However, I want to focus on Hayes’ first, a detailing of the astronomical clock of Strasburg Cathedral, a mechanical masterpiece of gears and levers that… well… does what clocks do: keeps time. However, the Strasburg clock does a little more. Hayes states that “a celestial globe in front of the main cabinet tracks the positions of five thousand stars, while a device much like an orrery models the motions of the six inner planets.” Additionally, the clock tracks the sidereal day (the “true day” that is 23 hours, 56 minutes, and 4.0905324 seconds), the mean solar time (24 hours), leap years, and phases of the moon.

Impressively, the clock, without human assistance and through a system of sliding brass and clanking teeth, can correctly calculate the days of the Catholic religious calendar. That is, if the Strasburg clock is properly maintained (replacing broken gears and whatnot), the clock can calculate what date Easter will fall on in 2074. Even more impressively, this clock contains no electronics and has been running since 1842. Truly this is the clock of ages, designed to measure eternity as its developer intended.

Hayes mentions a new movement to mimic this clock known as the Long Now group who wish to design a clock of their own that can run for the next 10,000 years. Upon reading  this, I felt a little disoriented trying to imagine the Earth and its inhabitants 10,000 years from now. How can we even begin to imagine the culture, language, and technology? Will we even be here? How can anything we have developed now be of any practical use then? But that’s not the point. The developer of Strasburg clock, and now the Long Now group, hoped to not just build impressive structures or to provide any technological advances for the future. Rather they are here to remind us that the future is a worthy investment.

I remember my professor in a New Testament survey course detailing how the Apostle Paul let the Thessalonians have it because of their poor work ethic. The Thessalonians thought Christ was returning soon, and so there was no reason to go to work or educate children. The future was vacant, and so we had one of the original YOLO moments. That attitude still exists today.
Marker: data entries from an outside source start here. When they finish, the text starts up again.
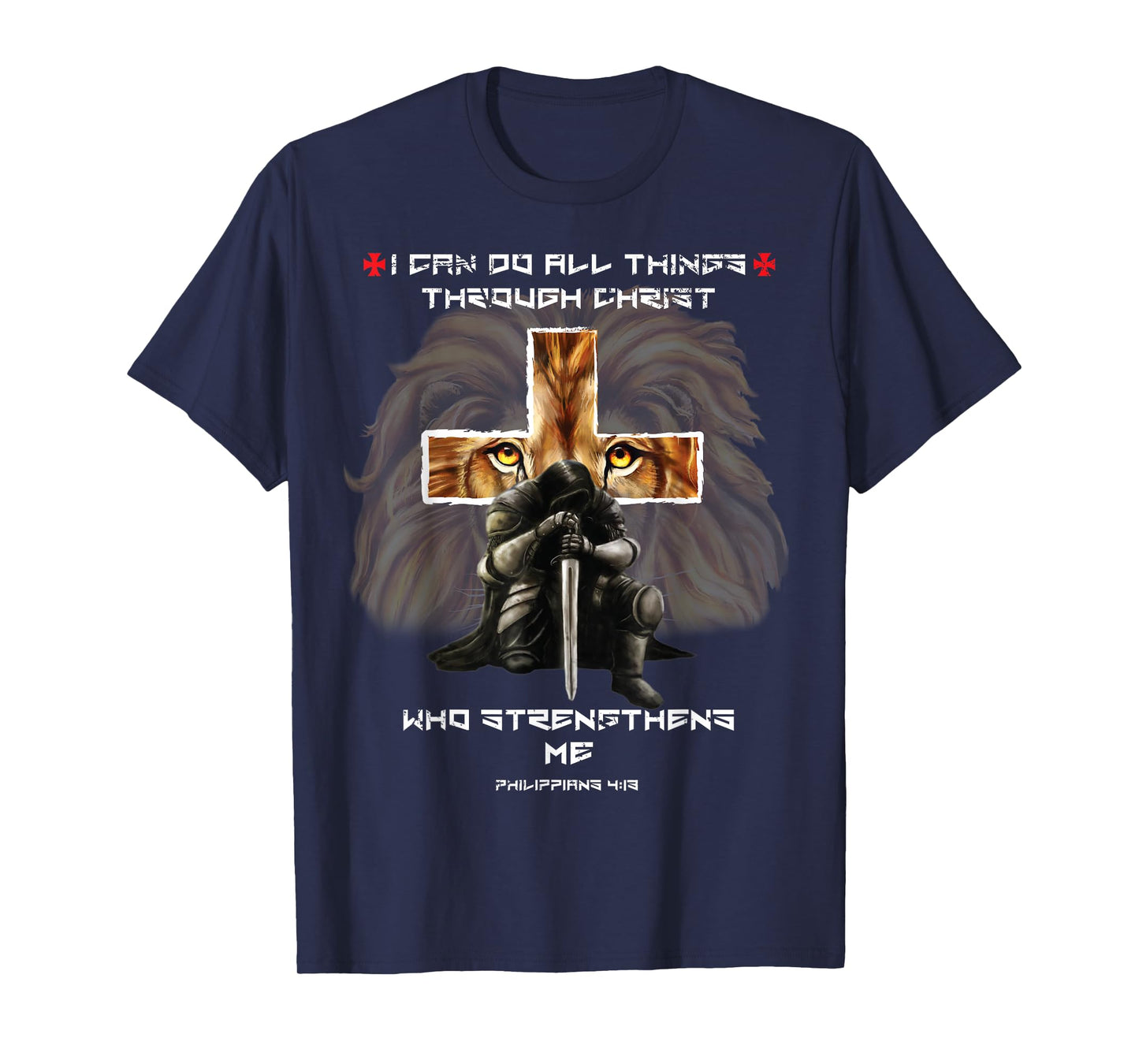 Philippians 4:13 Christian Verse Gift Lion Cross Men Husband T-Shirt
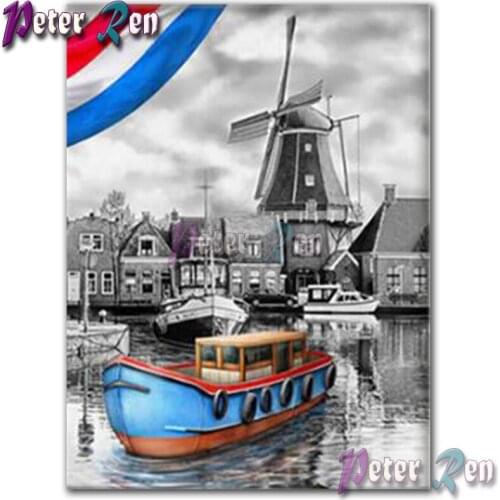 5d landscape Diamond Painting Embroider Windmill house boat Square or round Mosaic Cross stitch Rhinestone home decoration gift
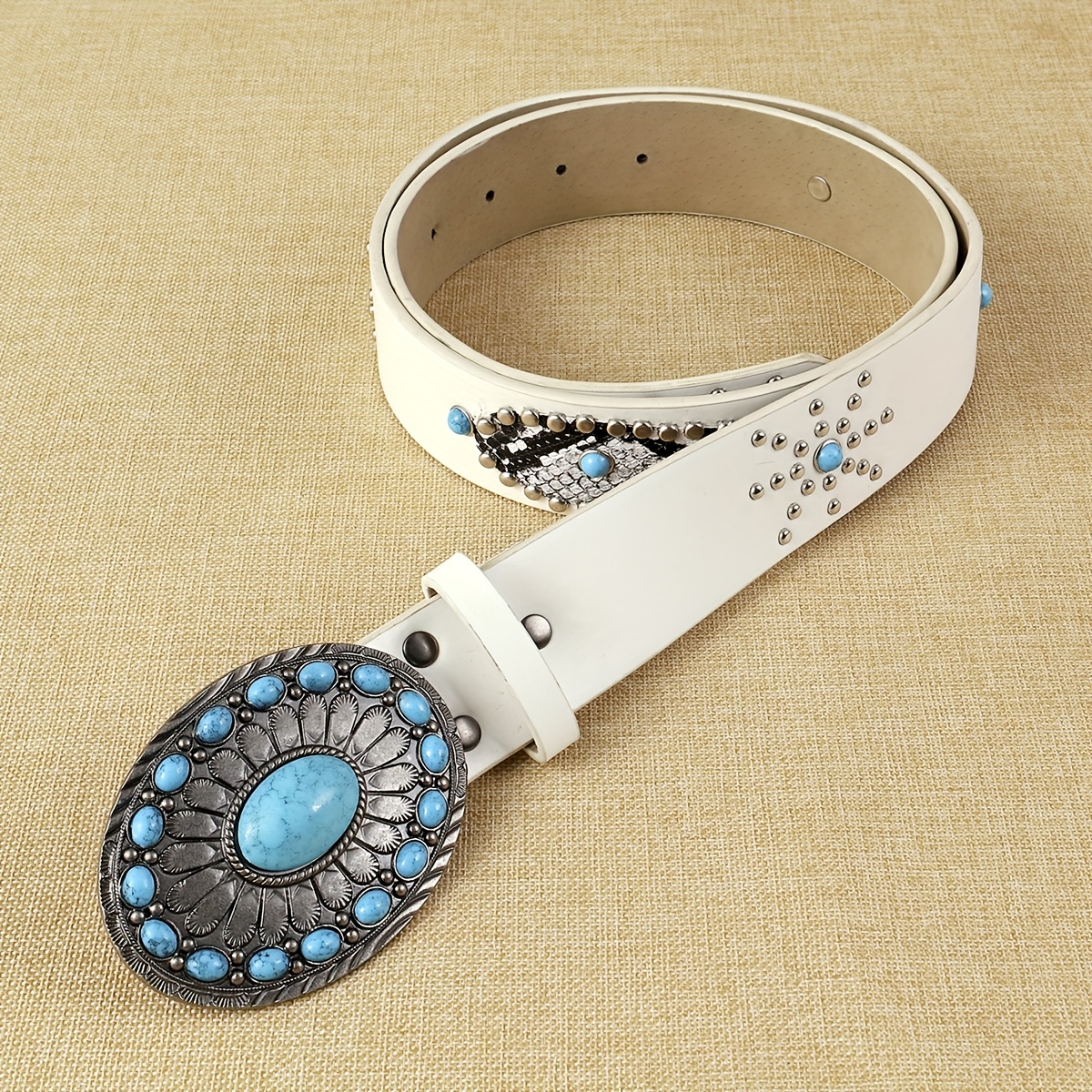 1 ceinture en PU blanche pour femme, style bohème, parfaite pour le shopping, les fêtes et le quotidien, ceinture tendance et élégante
I am all about carpe diem. Let’s seize the day for sure. Time is a resource we must all spend, and wisdom says to use it all to its potential. May we always look to the present. However, as I sit on my couch in Jackson, I am also looking towards a structure of spinning gears in Strasburg. Even now, there is a reminder of mechanical brass turning, whirring, sliding, and clanking reminding us that though the present is in our grasp, the future needs us. The future is our responsibility. Carpe postremo, seize the future!